This game was coded in 2.5 days by a first time author with one beta tester. It requires what is generally an annoying way of interacting with a game. By all standards, it should be a fairly horrible game.
But it placed 19th out of 35, and wasn't really that bad. I like fairly campy, psychological horror, and this game provides it. It had great descriptions, and spookily changing descriptions.
This is a very short game. I liked it, in the end.
This game casts you as a werewolf agent for a large group of werewolves. You have to travel to a snow-covered Chinese village to investigate its destruction.
The story and setting are actually pretty good, and I liked this game. Where it falls down is in presenting information to the player; nowhere, even in the extensive menu system, are you told how to transform between human and wolf. Conversation topics have to be guessed to proceed with little in-game explanation.
Fun mid-length game to take for a spin. Nice use of different senses in descriptions.
This game is big, and full of little easter eggs. It's one of those games that is created with love and creative, but seemingly based on things in the author's life and somewhat underclued.
Typical puzzles in this game include finding keys and operating semi-complicated machinery.
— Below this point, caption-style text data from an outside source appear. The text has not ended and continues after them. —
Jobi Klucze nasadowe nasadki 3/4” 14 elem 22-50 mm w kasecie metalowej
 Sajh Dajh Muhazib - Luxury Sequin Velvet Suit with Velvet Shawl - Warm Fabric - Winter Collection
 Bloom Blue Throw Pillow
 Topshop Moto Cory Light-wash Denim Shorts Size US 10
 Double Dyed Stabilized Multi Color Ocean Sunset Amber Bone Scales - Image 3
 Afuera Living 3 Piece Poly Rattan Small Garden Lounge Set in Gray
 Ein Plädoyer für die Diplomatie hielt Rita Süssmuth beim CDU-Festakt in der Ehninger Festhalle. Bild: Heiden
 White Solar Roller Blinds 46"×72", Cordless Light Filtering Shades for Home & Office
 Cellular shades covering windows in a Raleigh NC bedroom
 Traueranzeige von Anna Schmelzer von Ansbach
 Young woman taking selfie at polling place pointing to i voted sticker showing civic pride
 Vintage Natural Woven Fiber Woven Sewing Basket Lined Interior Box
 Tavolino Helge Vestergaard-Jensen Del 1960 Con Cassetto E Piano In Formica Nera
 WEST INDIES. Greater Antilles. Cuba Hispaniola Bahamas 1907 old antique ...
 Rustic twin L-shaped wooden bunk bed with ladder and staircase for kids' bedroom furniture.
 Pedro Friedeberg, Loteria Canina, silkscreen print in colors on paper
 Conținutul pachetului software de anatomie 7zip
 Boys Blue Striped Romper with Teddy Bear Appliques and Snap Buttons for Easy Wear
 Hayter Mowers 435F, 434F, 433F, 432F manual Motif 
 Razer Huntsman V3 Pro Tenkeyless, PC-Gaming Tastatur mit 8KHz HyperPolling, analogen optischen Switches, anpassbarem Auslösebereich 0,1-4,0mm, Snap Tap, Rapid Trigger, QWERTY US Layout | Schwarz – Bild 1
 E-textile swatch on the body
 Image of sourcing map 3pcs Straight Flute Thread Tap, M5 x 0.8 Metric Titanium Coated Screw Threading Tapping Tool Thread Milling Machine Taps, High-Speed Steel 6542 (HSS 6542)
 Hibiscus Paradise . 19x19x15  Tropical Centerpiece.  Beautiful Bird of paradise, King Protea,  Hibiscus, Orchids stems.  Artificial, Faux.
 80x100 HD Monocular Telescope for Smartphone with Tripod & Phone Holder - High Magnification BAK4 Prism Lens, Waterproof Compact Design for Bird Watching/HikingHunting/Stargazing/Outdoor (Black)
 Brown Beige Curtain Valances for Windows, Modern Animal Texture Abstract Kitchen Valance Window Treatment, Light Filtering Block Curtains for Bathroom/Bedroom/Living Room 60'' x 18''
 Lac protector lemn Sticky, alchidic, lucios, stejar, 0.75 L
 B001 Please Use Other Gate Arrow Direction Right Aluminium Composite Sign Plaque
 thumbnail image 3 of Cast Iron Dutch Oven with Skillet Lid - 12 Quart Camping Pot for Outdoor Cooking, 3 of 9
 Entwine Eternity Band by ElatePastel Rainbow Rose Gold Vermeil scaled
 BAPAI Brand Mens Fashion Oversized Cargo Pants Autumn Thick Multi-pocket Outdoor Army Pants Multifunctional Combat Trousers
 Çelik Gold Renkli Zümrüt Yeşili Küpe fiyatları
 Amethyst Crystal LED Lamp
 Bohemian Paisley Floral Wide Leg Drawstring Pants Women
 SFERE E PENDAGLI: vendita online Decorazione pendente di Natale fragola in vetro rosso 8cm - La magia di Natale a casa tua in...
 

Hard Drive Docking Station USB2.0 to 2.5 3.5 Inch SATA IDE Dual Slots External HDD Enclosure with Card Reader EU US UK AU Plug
This game casts you as the vampire Martin Voigt, travelling through a hellish landscape to retrieve three talismans of power and find the three priestesses who can help him.
The setting is imaginative and well-defined. Generally, each room contains a challenge, which at first can be solved with a basic power, and later requires you to fetch items from the other parts of the (small) map.
It was a bit gorey and not for young children. Some of the interactivity was off, in the sense that actions were underclued. But the overall level of polish was high.
This game feels just like all of the 60's scifi stories I read growing up, in a good way.
You play as a young child on a lonely outpost in the sea during a war between Earth and Mars. Alone for the day, you get to use your imagination around the island, until events take a sudden turn.
The multiple viewpoints reminded me favorably of Rover's Day Out and Delphina's House.
There were a few parts where the interactivity just didn't do it for me, which is why I deducted one star.
This game has numerous issues, and is best played with a walkthrough.
With a walkthrough, it can be pretty fun. It does include steps like waiting 19 times in a row, with each Z producing a text dump.
The reason it can be fun is that its story, which has early hints about employees not being all the way there and oddly intelligent robotic devices, is compelling in the large scale.
Worth trying if you like to skim read and don't mind walkthroughs.
This game casts you as a demon in the bureaucracy of hell. You decide to make a break for it and get out.
This game has several NPCs, most of whom respond to just a few topics/activities. It has well-coded puzzles involving searching and manipulation.
But much of it just feels underclued, especially the second half of the game. This makes it somewhat difficult to finish.
This game has you sent on a quest to collect parts to make a magic item, escape from a jail cell, search a dungeon, and has both a classic logic puzzle and a collection of riddles.
I didn't really like it at first, and played through with the walkthrough the whole way. Along the way, though, I began to like it more. The descriptions can be fun and interesting, though unpolished. The story has some fairly large plotholes, but I feel like the game was close to being complete, fun, and bug free, if the author had had more time.
Saving John is a Twine 1 game with the standard CSS and formatting. In it, you find yourself in a dangerous situation and have the opportunity to construct a backstory for what happened.
The backstories involves jealousy, betrayal, love, profanity, and so on. The game is fairly short, but can be replayed several times.
The writing was descriptive, and the interactivity worked, but the story just didn't click with me, and It didn't feel all the way polished.
This game by a good author (see 'Delusions') reminds me a bit of Gris et Jaune by Jason Devlin, another talented author. Both games have very strong openings that hint at a great game full of polish.
However, both were not completely finished/polished in time for the competitions they were entered in. This game, in particular, falls flat in the most exciting part: the actual game simulation. You play as Mario, and you have to jump with timed Glulx effects, but it just doesn't work out, and later levels are, I believe, unfinished.